Statement of Financial Accounting Standards (SFAS) No. 128, "Earnings
per Share," specifies the computation, presentation, and disclosure
requirements for earnings per share (EPS). The objective of SFAS No. 128
is to simplify the computation and to make the U.S. standard more compatible
with EPS standards of other countries and with that of the International
Accounting Standards Committee. When adopted in the first quarter of 1998,
the standard is not expected to have a material impact on the EPS computation
of the Company.
3. Subsequent Events
Property Acquisitions
On April 10, 1997, the Company acquired the 450-unit Woodhollow
apartment community located in Jacksonville, FL. The purchase price of
$16.7 million was funded by the Company's credit line.

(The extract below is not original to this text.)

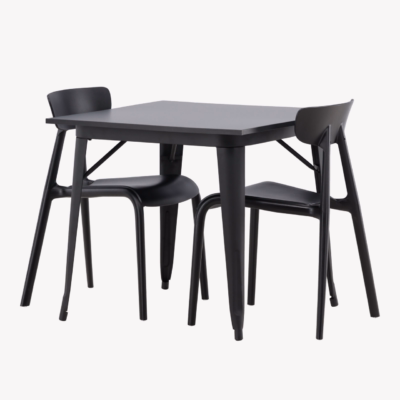 Must söögilaud Tempe ja 2 Ursholmeni plasttooli (80x80 cm) - GR23011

On April 15, 1997, the Company acquired the 278-unit The Woods
apartment community located in Austin, TX. The purchase price of $10
million was funded by the Company's credit line.
<PAGE>
PART 1. Financial Information
ITEM 2.
MANAGEMENT'S DISCUSSION AND ANALYSIS OF FINANCIAL CONDITION AND
RESULTS OF OPERATIONS
OVERVIEW
The following is a discussion of the consolidated financial condition
and results of operations of the Company for the three months ended
March 31, 1997 and 1996. This discussion should be read in conjunction
with all of the financial statements appearing elsewhere in this
report. These financial statements include all adjustments which are,
in the opinion of management, necessary to reflect a fair statement
of the results for the interim periods presented, and all such adjustments
are of a normal recurring nature.
FUNDS FROM OPERATIONS
Funds from operations ("FFO") represents net income (computed
in accordance with GAAP) excluding extraordinary items, minority interest
in Operating Partnership income, gain or loss on disposition of real
estate assets, and certain non-cash items, primarily depreciation
and amortization, less preferred stock dividends. The Company computes
FFO in accordance with NAREIT's current definition, which eliminates
amortization of deferred financing costs and depreciation of non-real
estate assets as items added back to net income when computing FFO.

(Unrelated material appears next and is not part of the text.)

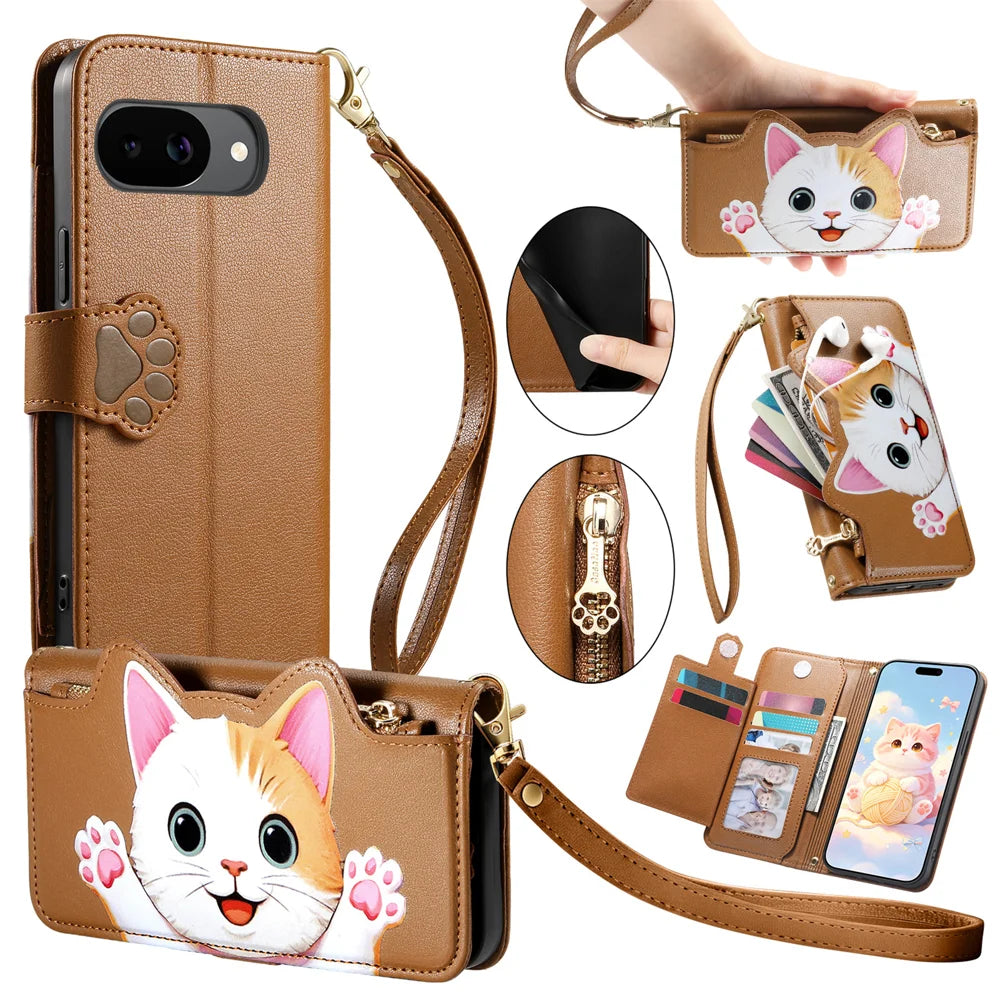 For Google Pixel 10a Case Cute Cat Pattern PU Leather Wallet Phone Cover with Wrist Strap - Brown - 1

FFO should not be considered as an alternative to net income or any other
GAAP measurement of performance, as an indicator of operating performance
or as an alternative to cash flows from operating, investing, and
financing activities as a measure of liquidity. The Company believes that
FFO is helpful in understanding the Company's results of operations
in that such calculation reflects cash flow from operating activities
and the Company's ability to support interest payments and general
operating expenses before the impact of certain activities such as changes
in other assets and accounts payable.
For the three months ended March 31, 1997, FFO increased by approximately
$690,000 or 8%, when compared to the year earlier. The increase was
primarily attributable to an approximate $2,688,000 increase in revenues,
which was partially offset by increases in expenses mainly associated with
the increase in the number of apartment units owned by the Company and
$1,187,000 of dividend distributions to preferred shareholders from the
October 1996 issuance of 9.5% Series A Cumulative Preferred Stock. On a
per share basis, FFO increased 5% from $.65 per share for the three months
ended March 31, 1996 to $.68 per share for the same period in 1997.
RESULTS OF OPERATIONS
COMPARISON OF THREE MONTHS ENDED MARCH 31, 1997 TO THE
THREE MONTHS ENDED MARCH 31, 1996
The total number of apartment units owned at March 31, 1997 was 20,394 in
77 apartment communities, compared to 18,660 in 71 communities at March 31,
1996. Average monthly rental per apartment unit increased to $532 at
March 31, 1997 from $512 at March 31, 1996. Overall occupancy was 94.3% at
March 31, 1997 compared to 95.4% for the exceptionally strong
first quarter of a year ago.
<PAGE>
Total revenues for the three months ended March 31, 1997 increased by
approximately $2,688,000, due primarily to (i) approximately $2,677,000
from the communities acquired in 1996, (ii) approximately $509,000
from the communities acquired in 1997, and (iii) approximately $426,000
from the communities owned throughout both periods. This increase was
offset by approximately $1,072,000 of revenues from the communities sold
in 1996.
Property operating expenses for the three months ended March 31, 1997
increased by approximately $796,000, due primarily to (i) approximately
$917,000 from the communities acquired in 1996, (ii) approximately $184,000
from the communities acquired in 1997, and (iii) approximately $295,000 from
the communities owned throughout both periods. This increase was offset
by approximately $407,000 of expense from the communities sold in 1996.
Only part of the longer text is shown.